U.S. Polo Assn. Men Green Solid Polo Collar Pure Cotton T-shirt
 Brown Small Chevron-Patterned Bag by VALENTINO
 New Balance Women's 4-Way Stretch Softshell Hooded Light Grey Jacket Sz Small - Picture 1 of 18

Your instructions: Search the data above for lines holding "Small" and copy each of them.

Task solution:
 Brown Small Chevron-Patterned Bag by VALENTINO
 New Balance Women's 4-Way Stretch Softshell Hooded Light Grey Jacket Sz Small - Picture 1 of 18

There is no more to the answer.